• _TASK ITEM_
Print the records exactly as written, and let no picture into the answer.

• _RECORDS FOR THE TASK_
=== Section Start ===

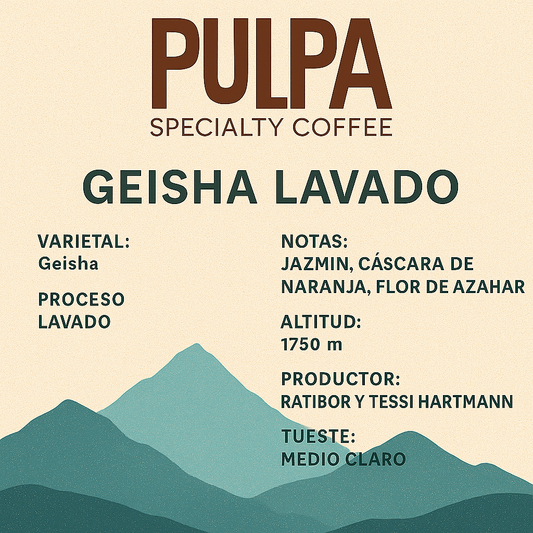 Geisha Washed Finca Hartmann – Panamanian Specialty Coffee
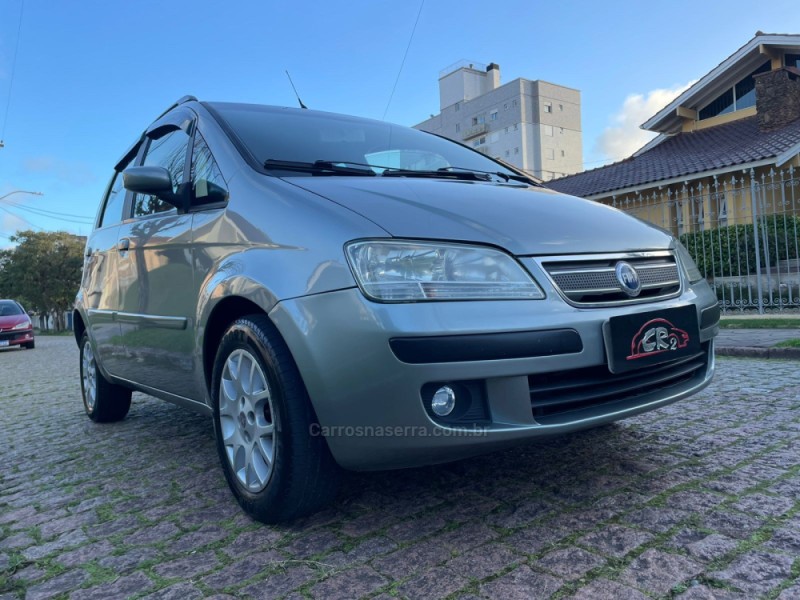 IDEA 1.4 MPI ELX 8V FLEX 4P MANUAL - 2008 - PORTO ALEGRE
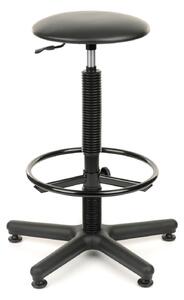 Krzesło Goliat Ring Base do hali produkcyjnej lub laboratorium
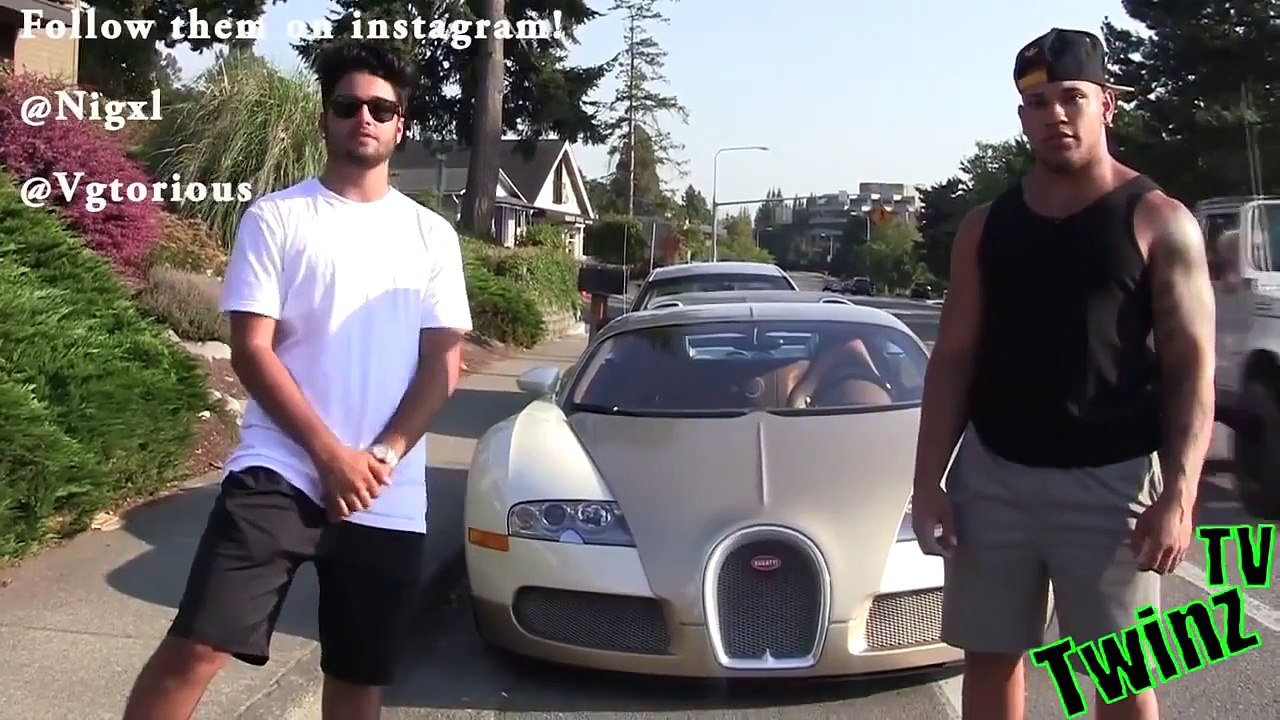 Gold Digger Prank   Picking Up Women with a Bugatti   Picking Up Girls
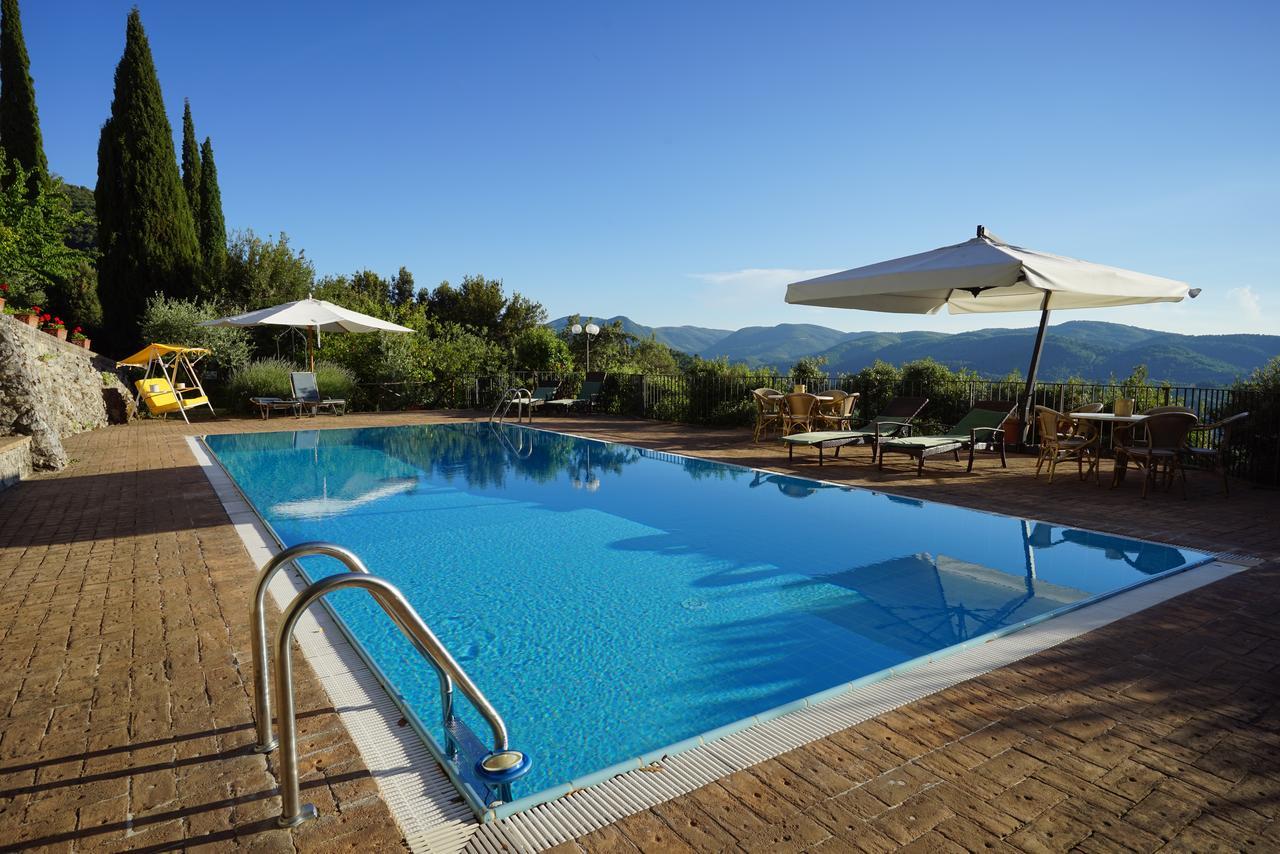 Residenza D'Epoca Eremo Delle Grazie Hotel Monteluco Eksteriør billede
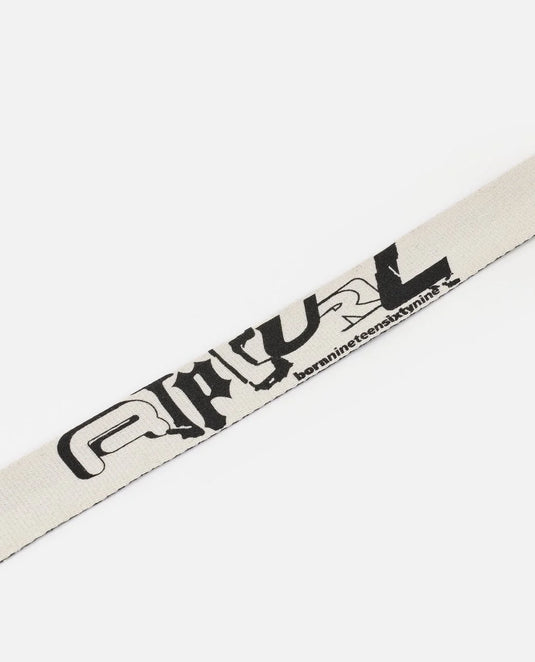 Rip Curl Unisex Archive Revo Webbing Belt Black/White 005MBE-0431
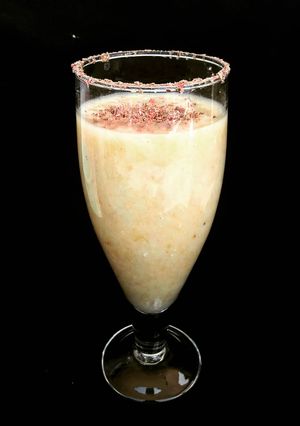 A picture of Banana froth.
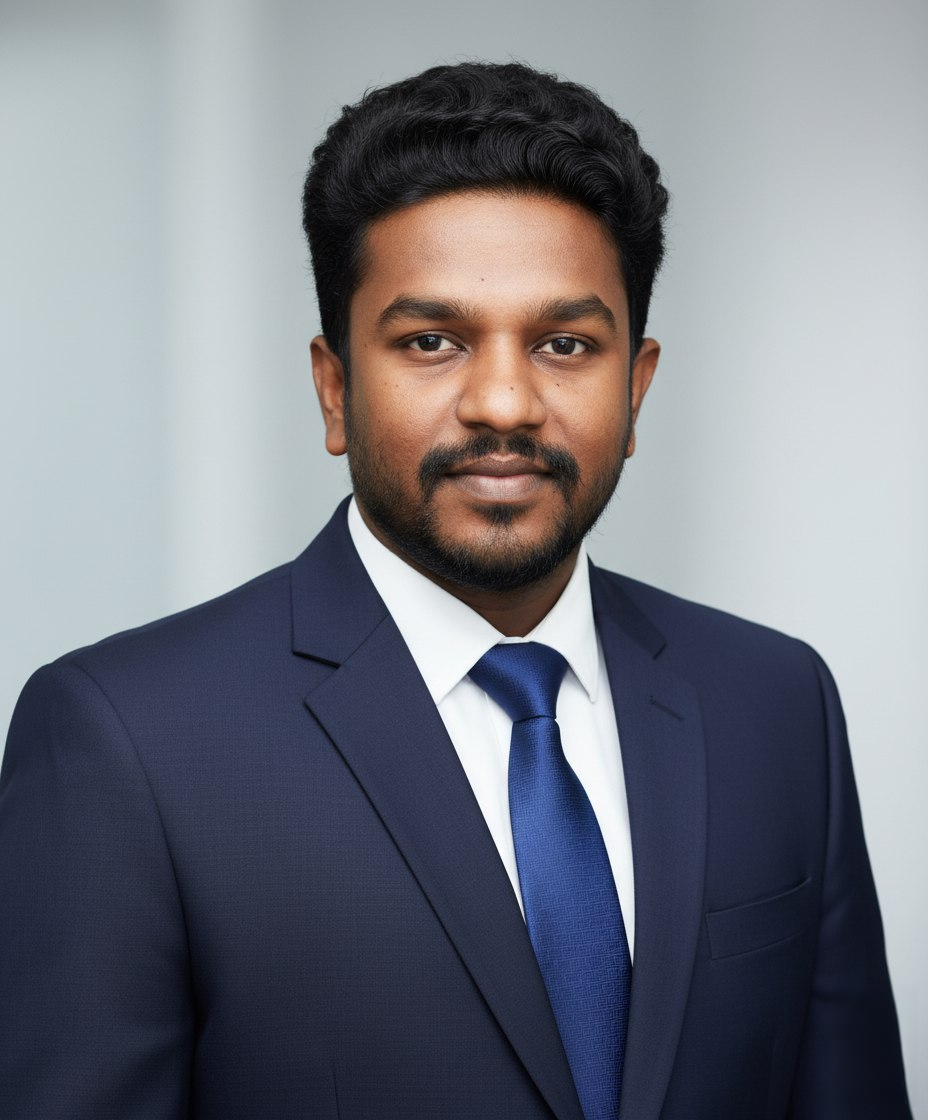 Sham Saravanan R - Founder & CEO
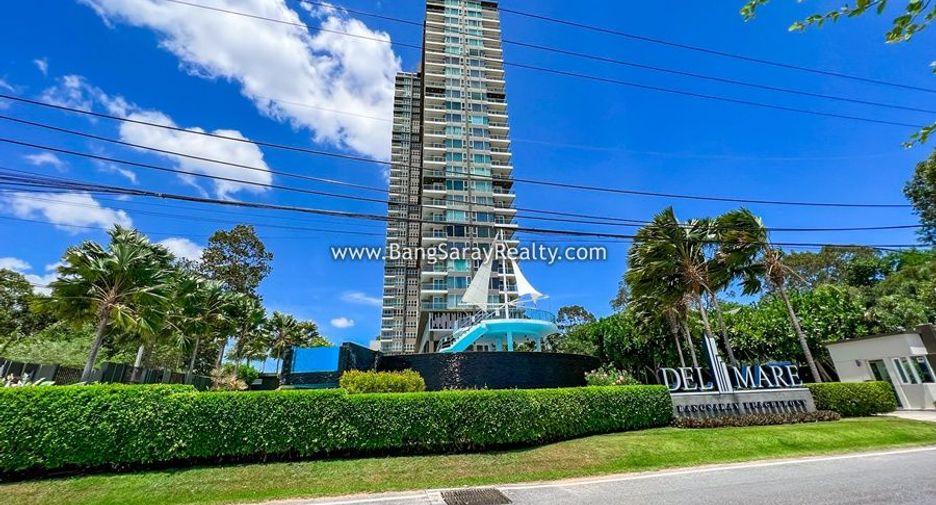 For sale 1 bed condo in Bang Saray, Pattaya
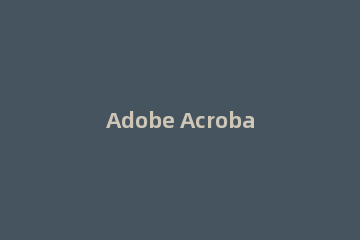 Adobe Acrobat怎么改变高亮颜色Acrobat改变PDF高亮颜色的方法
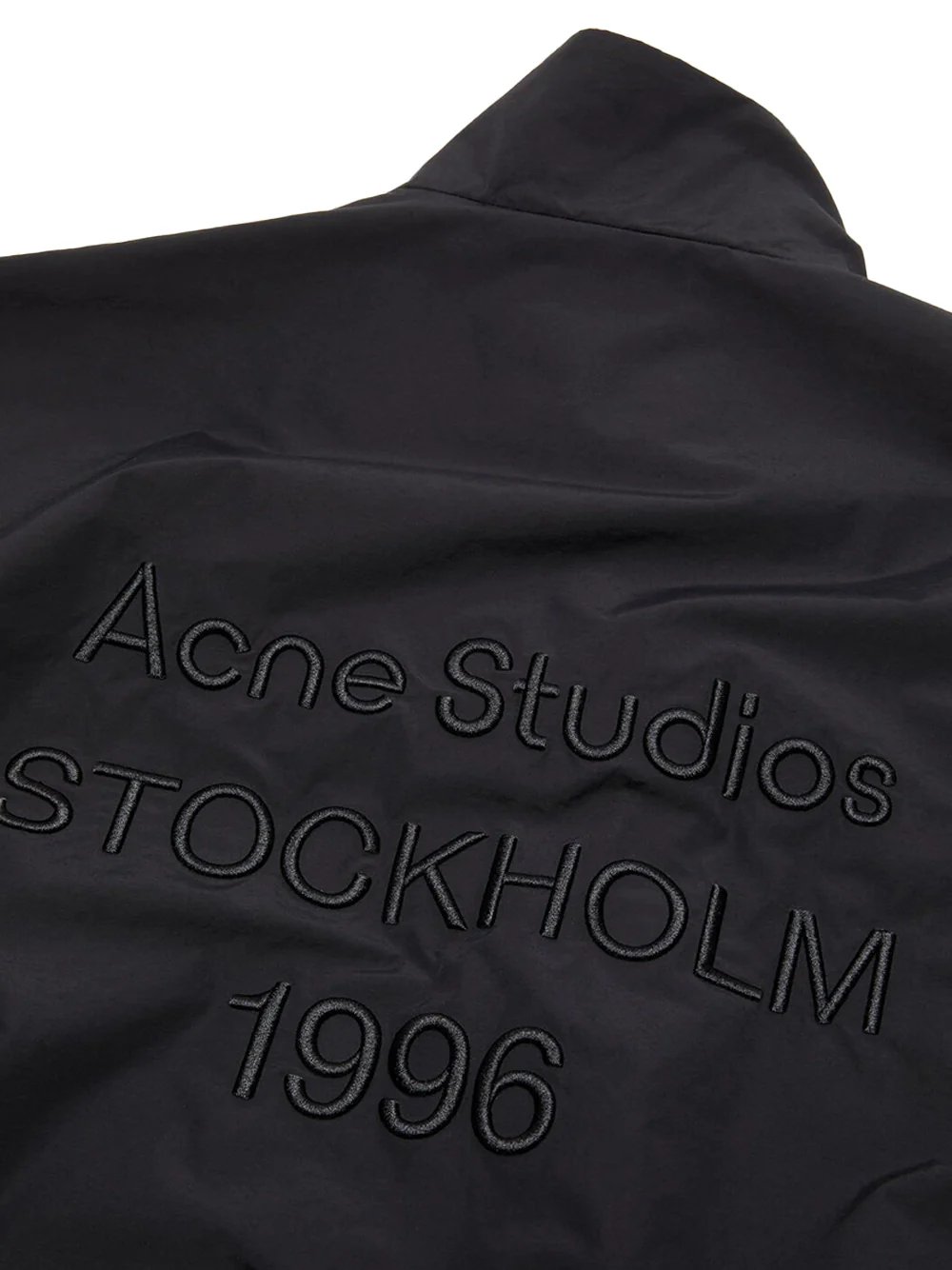 Acne Studios Men 1996 Technical Jacket Black - Image 7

=== Section End ===

• _RESPONSE TO THIS EXERCISE_
 Geisha Washed Finca Hartmann – Panamanian Specialty Coffee
 IDEA 1.4 MPI ELX 8V FLEX 4P MANUAL - 2008 - PORTO ALEGRE
 Krzesło Goliat Ring Base do hali produkcyjnej lub laboratorium
 Gold Digger Prank   Picking Up Women with a Bugatti   Picking Up Girls
 Residenza D'Epoca Eremo Delle Grazie Hotel Monteluco Eksteriør billede
 Rip Curl Unisex Archive Revo Webbing Belt Black/White 005MBE-0431
 A picture of Banana froth.
 Sham Saravanan R - Founder & CEO
 For sale 1 bed condo in Bang Saray, Pattaya
 Adobe Acrobat怎么改变高亮颜色Acrobat改变PDF高亮颜色的方法
 Acne Studios Men 1996 Technical Jacket Black - Image 7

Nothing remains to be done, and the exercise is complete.